• [Exercise] Set down the whole listing below exactly. The pictures stay out.

• [Information provided]
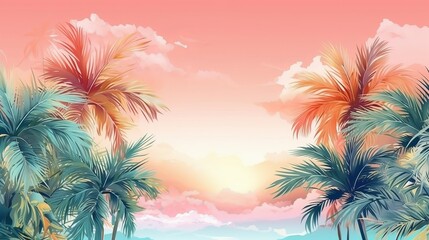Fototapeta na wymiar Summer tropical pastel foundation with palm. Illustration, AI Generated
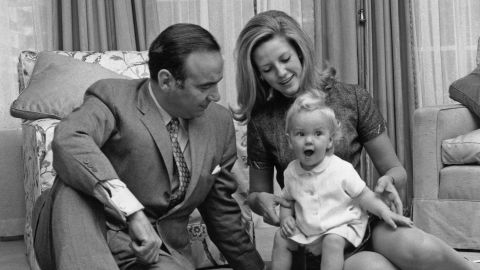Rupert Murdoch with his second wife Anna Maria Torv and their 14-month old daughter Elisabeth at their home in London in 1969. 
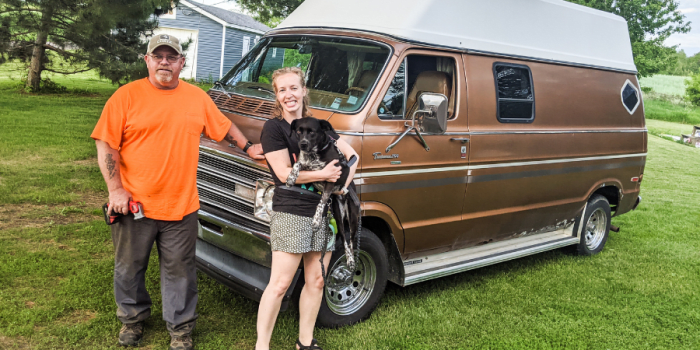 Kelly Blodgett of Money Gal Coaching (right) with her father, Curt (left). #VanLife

• [Response to the exercise]
Fototapeta na wymiar Summer tropical pastel foundation with palm. Illustration, AI Generated
Rupert Murdoch with his second wife Anna Maria Torv and their 14-month old daughter Elisabeth at their home in London in 1969. 
 Kelly Blodgett of Money Gal Coaching (right) with her father, Curt (left). #VanLife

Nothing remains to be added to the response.